• [What you need to do]: Any picture in the range stays out of the copy; retype exactly the lines from the one with "File:A bomb or an IED (12249197884).jpg" to the end of the listing.

• [Excerpted data]:
● ● ● ●

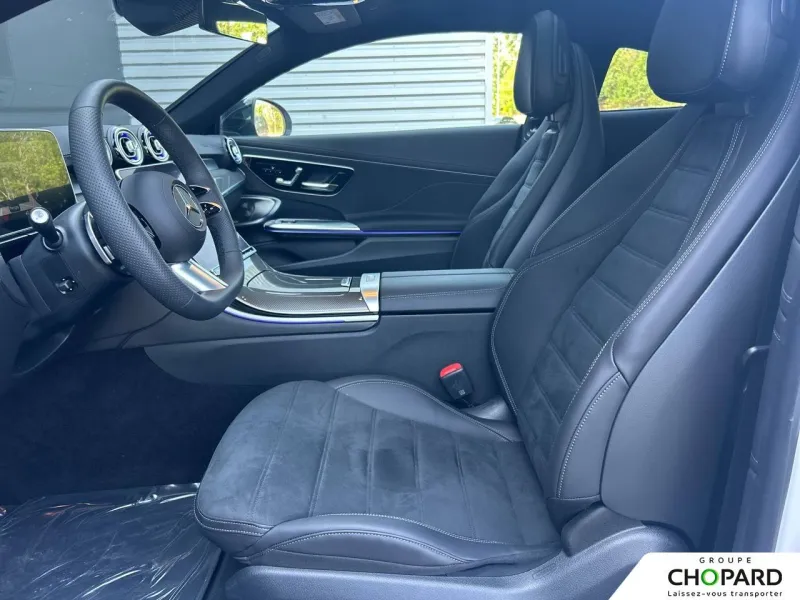 Image secondaire du véhicule 12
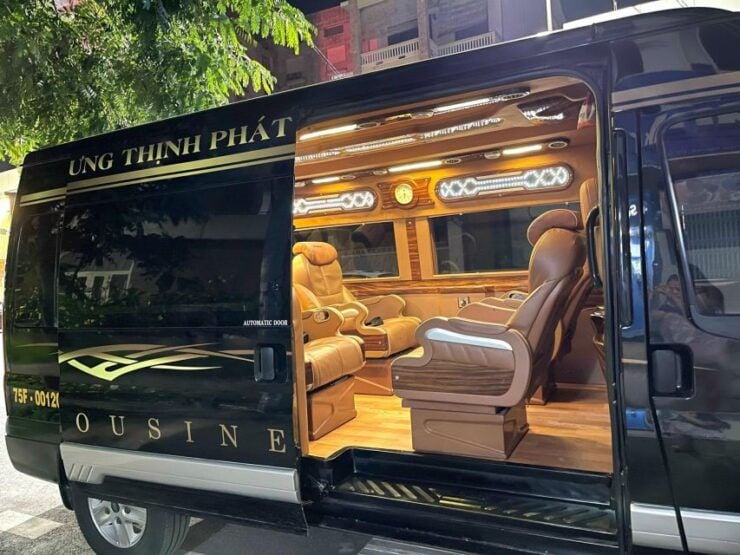 Shuttle Bus Hue City - Da Nang by Limousine - Travel Experience and Convenience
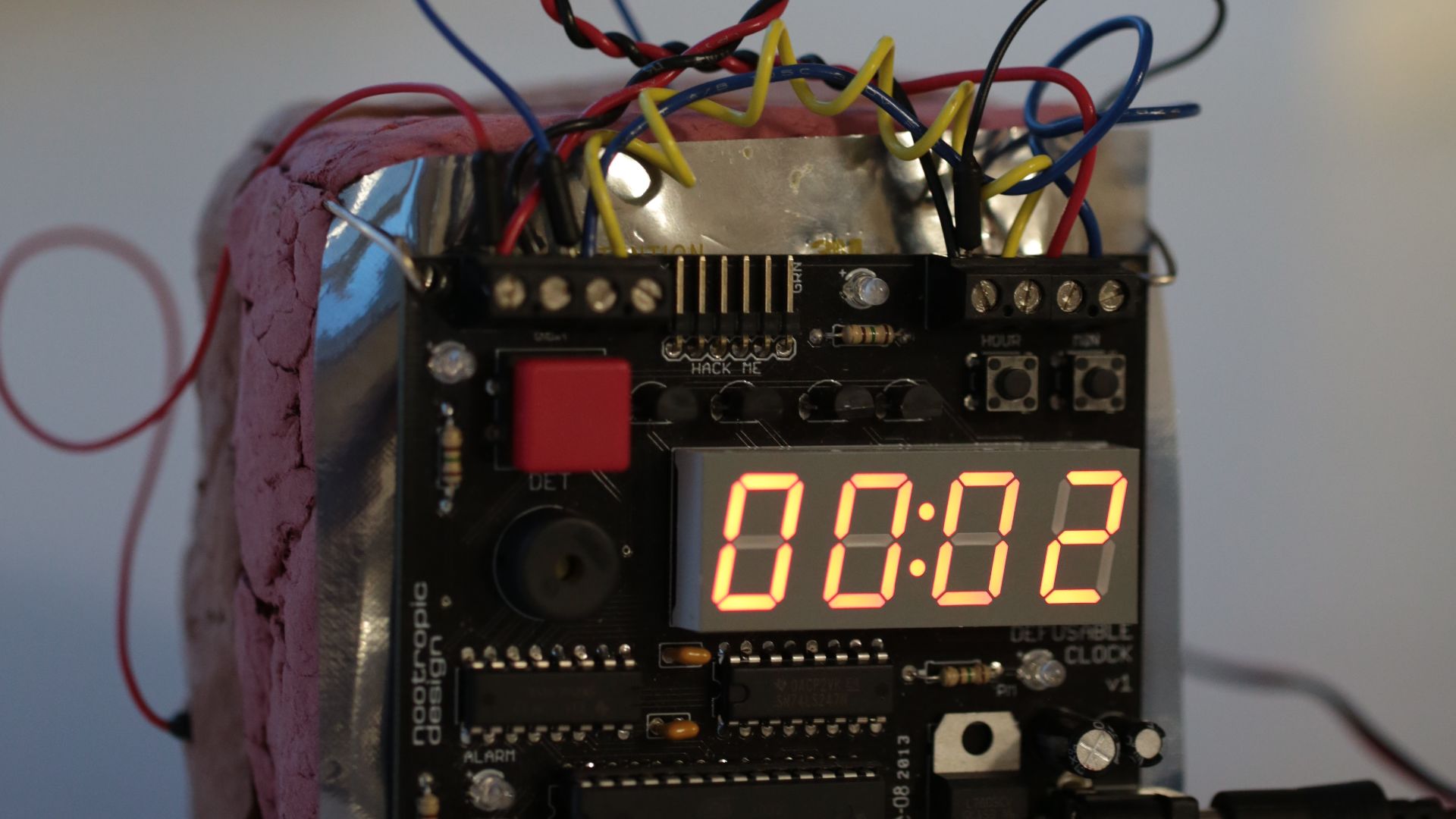 File:A bomb or an IED (12249197884).jpg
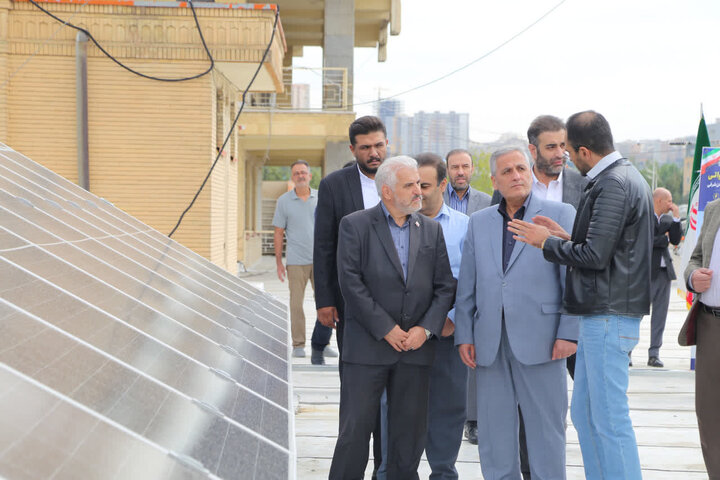 افتتاح نیروگاه ۴۰ کیلوواتی خورشیدی در بنیاد شهید آذربایجان شرقی
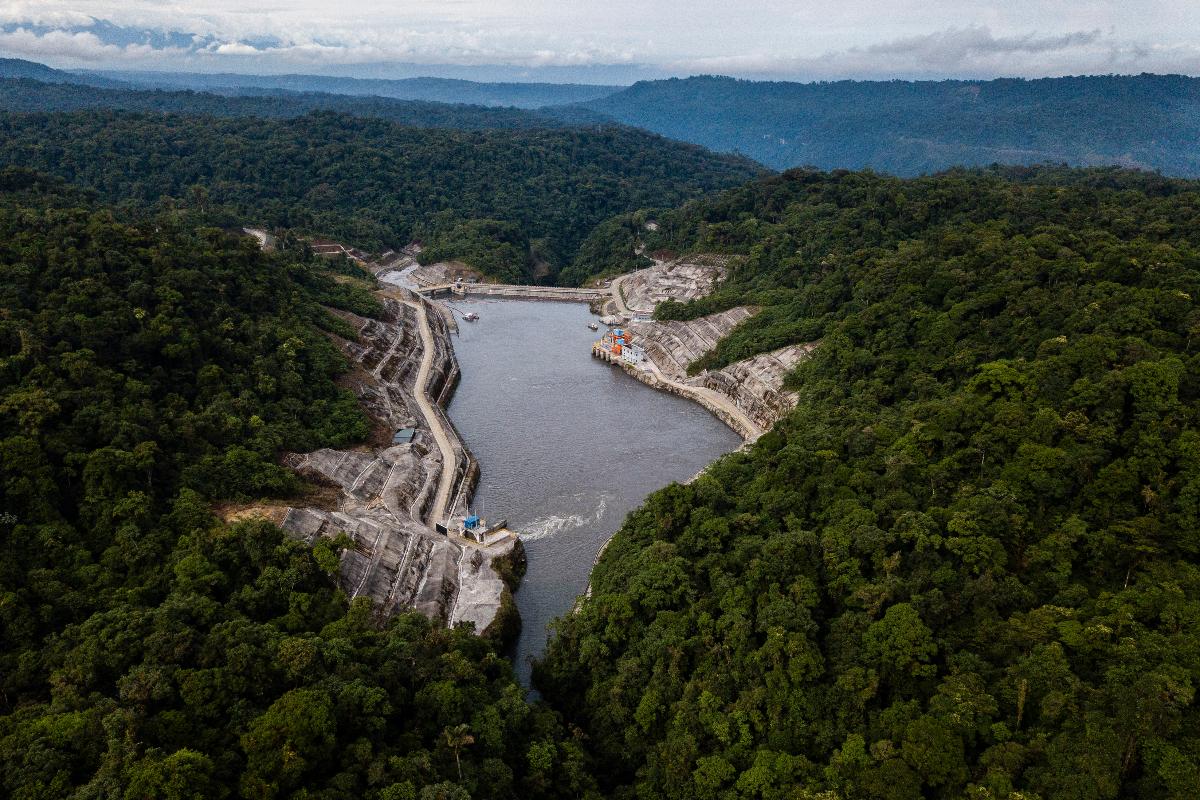 Mesmo se o Equador não puder pagar por essa represa gigantesca, a China vai receber | FEDERICO RIOS ESCOBAR / NYT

● ● ● ●

• [Solution to this exercise]:
 File:A bomb or an IED (12249197884).jpg
 افتتاح نیروگاه ۴۰ کیلوواتی خورشیدی در بنیاد شهید آذربایجان شرقی
 Mesmo se o Equador não puder pagar por essa represa gigantesca, a China vai receber | FEDERICO RIOS ESCOBAR / NYT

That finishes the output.